*Data segment*:
-- Opening Marker --

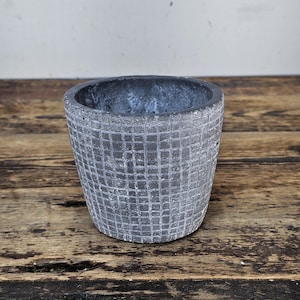 May include: A gray, textured, small plant pot with a grid pattern. The pot is made of a concrete-like material and has a round shape. The pot is sitting on a wooden surface.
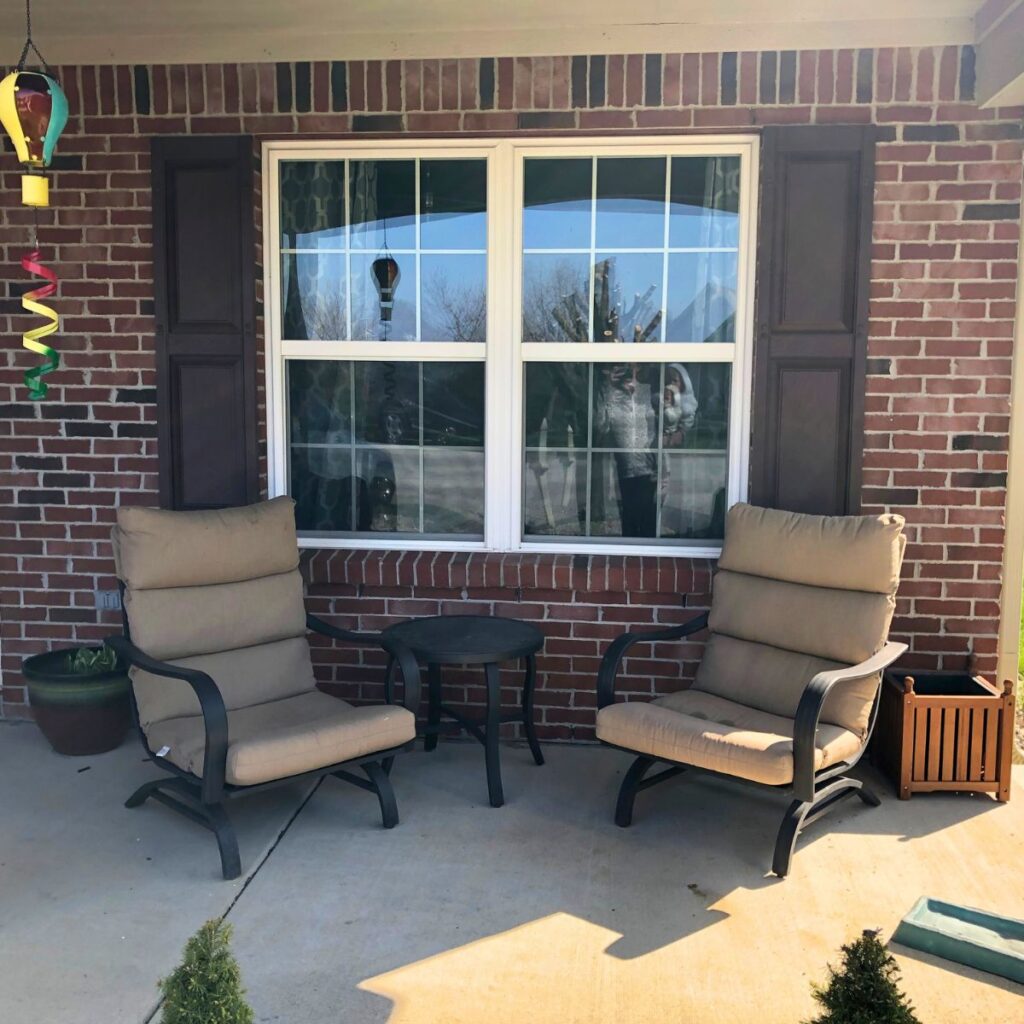 The front porch of a brick home with two chairs and a small circular table in the middle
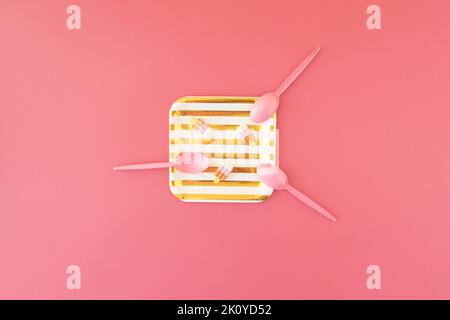 Gold- und weiß gestreifter Pappteller mit drei Gummieis und drei rosa Plastiklöffeln auf rosa Hintergrund. Stockfoto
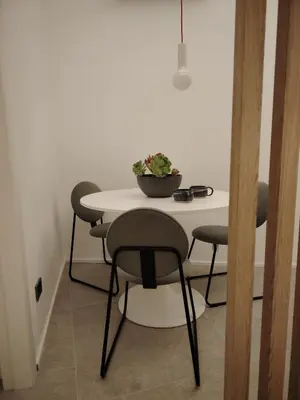 a table and chairs with a potted plant on it at Cappuccetto Rosso Sweet Modern Suite Palermo in Palermo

-- Closing Marker --

*Exercise objective*: Print only the lines running from the one containing "Gold- und weiß" to the end of the data above, exactly; include no pictures.

*The completed task*:
 Gold- und weiß gestreifter Pappteller mit drei Gummieis und drei rosa Plastiklöffeln auf rosa Hintergrund. Stockfoto
 a table and chairs with a potted plant on it at Cappuccetto Rosso Sweet Modern Suite Palermo in Palermo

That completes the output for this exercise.